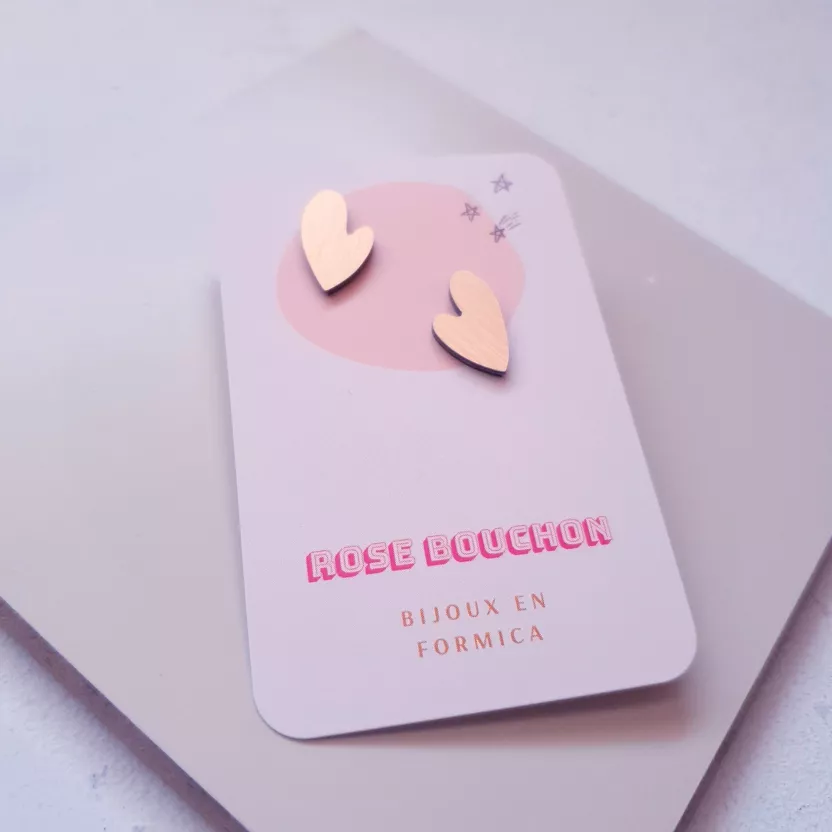 Boucles d’oreilles cœurs colorés mexicains EX VOTO - Noir & Or - RB13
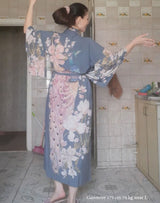 Boho Robe, Kimono Robe, Love in the Mist in Navy - Wild Rose Boho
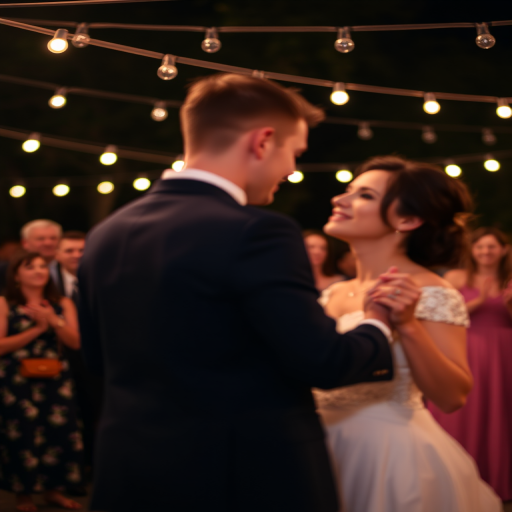 Blurry, candid shot of a wedding couple dancing under string lights, soft glow from the bulbs illuminating their faces, distant guests watching with smiles, and the sound of soft music filling the evening air.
───
## DIRECTIONS FOR THIS TASK:
Copy out the listing above exactly, and keep the pictures out of it.

## OUTPUT FOR THIS EXERCISE:
 Boucles d’oreilles cœurs colorés mexicains EX VOTO - Noir & Or - RB13
 Boho Robe, Kimono Robe, Love in the Mist in Navy - Wild Rose Boho
 Blurry, candid shot of a wedding couple dancing under string lights, soft glow from the bulbs illuminating their faces, distant guests watching with smiles, and the sound of soft music filling the evening air.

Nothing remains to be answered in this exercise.